Jakarta (ANTARA) - Kementerian Keuangan menghormati proses hukum yang saat ini berjalan di KPK terkait kasus korupsi pengadaan 16 unit kapal patroli cepat (Fast Patrol Boat/FCB) pada Direktorat Penindakan dan Penyidikan Ditjen Bea dan Cukai Tahun Anggaran 2013-2015.

"Kami dari Kemenkeu tentunya akan mendukung proses pengadilan atas kasus pengadaan kapal ini dan kami akan menghormati dan mengikuti proses hukum yang akan dijalankan dan terus bekerja sama dengan aparat penegak hukum agar proses ini bisa berjalan dengan baik sesuai ketentuan aturan perundang-undangan," kata Irjen Kemenkeu Sumiyati saat jumpa pers di gedung KPK, Jakarta, Selasa.

Lebih lanjut, kata dia, Kemenkeu merasa prihatin atas kasus suap di Ditjen Bea Cukai atas pengadaan kapal patroli cepat tersebut.

"Tentunya kami merasa prihatin bahwa dalam situasi di mana kita sedang gencar-gencarnya untuk melaksanakan penertiban importir yang berisiko tinggi, namun ternyata salah satu pengadaan sarana prasarana yang sangat kami perlukan, yaitu pengadaan kapal patroli ada masalah yang ditemukan oleh KPK," ucap Sumiyati.

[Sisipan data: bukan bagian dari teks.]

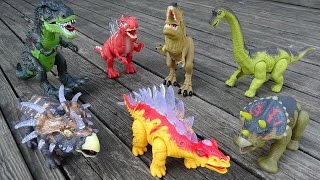 Dinosaur Walking Tyrannosaurus Rex Triceratops Spinosaurus  Dinosaurs Toys Collection For kids [upl. by Narayan315]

Ia menyatakan bahwa di lingkungan internal Kemenkeu telah berusaha untuk menjaga tata kelola dari sejak perencanaan, penganggaran, dan pengadaan kapal tersebut.

"Memang ini memakan waktu cukup panjang kurang lebih tiga tahun, yaitu dari 2013 sampai 2015 dan dari 16 kapal yang diadakan ternyata delapan di antaranya melalui PT DRU, ini yang ada masalah di sini," kata dia.

Dalam kasus itu, KPK telah menetapkan dua tersangka, yaitu Pejabat Pembuat Komitmen (PPK) inisial IPR, Ketua Panitia Lelang HSU, dan Direktur Utama PT Daya Radar Utama (DRU) inisial AMG.

Dugaan kerugian negara dalam perkara ini adalah Rp117.736.941.127.

Atas perbuatannya, tiga tersangka itu disangkakan melanggar Pasal 2 ayat (1) atau Pasal 3 Undang-Undang Nomor 20 Tahun 2001 tentang Perubahan atas Undang-Undang Nomor 31 Tahun 1999 tentang Pemberantasan Tindak Pidana Korupsi juncto Pasal 55 ayat 1 ke-1 KUHP.